### [Information provided]
=-=-=-=-=

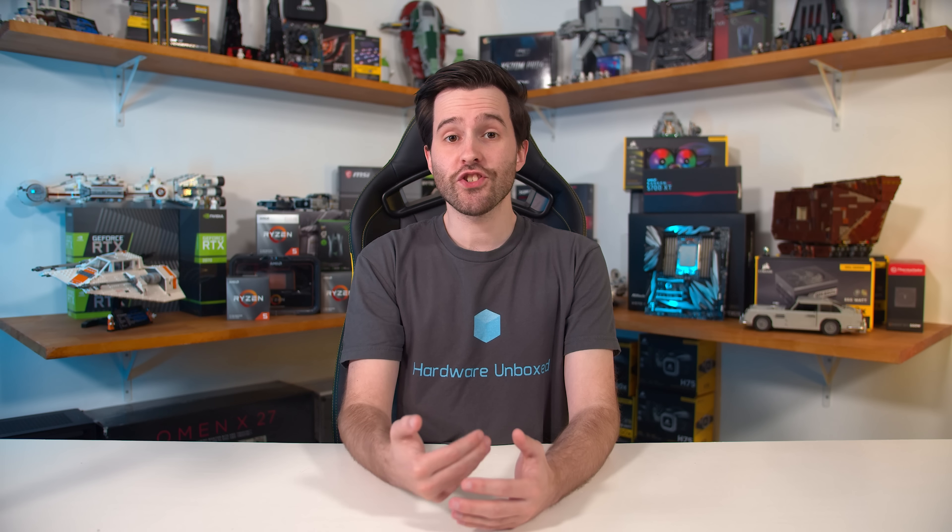Welcome back to Hardware Unboxed. It's time for a news announcement video, not in the usual Friday slot and not even at our usual release time, because for some reason both Intel and Nvidia jointly decided that announcing their latest parts at midnight in the USA is the best choice for everyone. Can't say I fully understand that logic, but here we are.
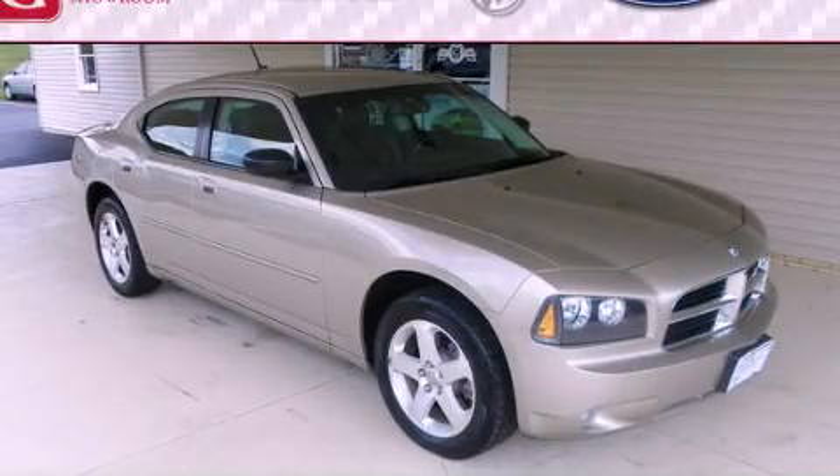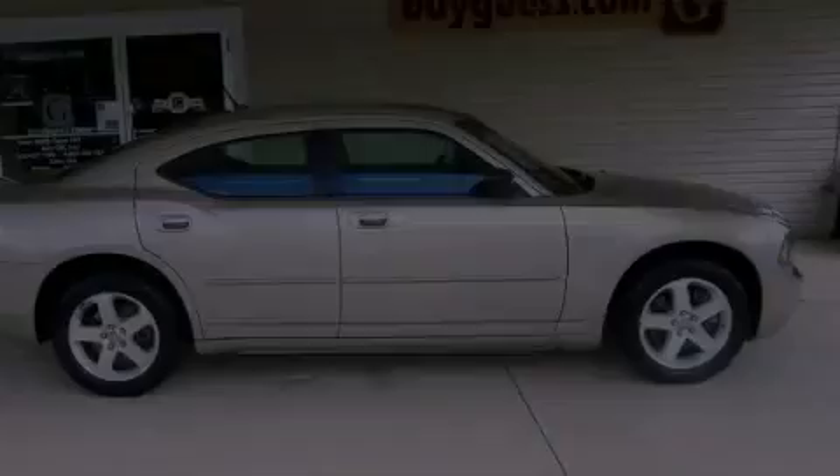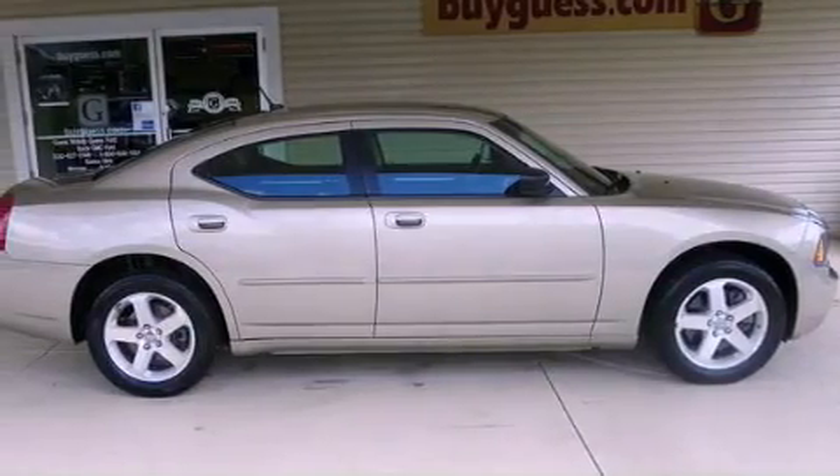This is a 2008 Dodge Charger. It has a 3.5-liter, six-cylinder engine, an automatic transmission, and all-wheel drive.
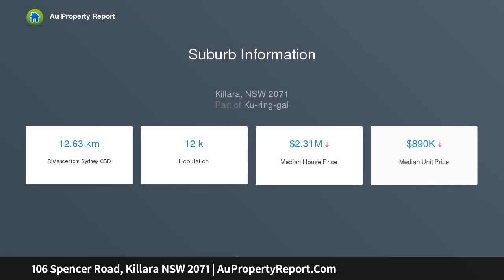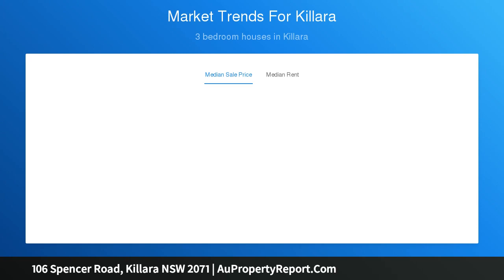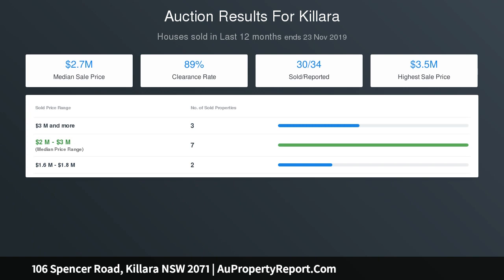Within Killara High School catchment, the spacious lounge and adjoining dining create a sophisticated open living space. A large, light-filled family room with wraparound windows offers a leafy treetop outlook. A dedicated study and home office area is complemented by a sun-drenched garden with level lawn that flows into a bush reserve.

=-=-=-=-=

### [Exercise objective]
Transcribe exactly the span of lines from the line holding "This is a 2008" through the last line above, both included. Pictures stay out.

### [Answer]
This is a 2008 Dodge Charger. It has a 3.5-liter, six-cylinder engine, an automatic transmission, and all-wheel drive.
Within Killara High School catchment, the spacious lounge and adjoining dining create a sophisticated open living space. A large, light-filled family room with wraparound windows offers a leafy treetop outlook. A dedicated study and home office area is complemented by a sun-drenched garden with level lawn that flows into a bush reserve.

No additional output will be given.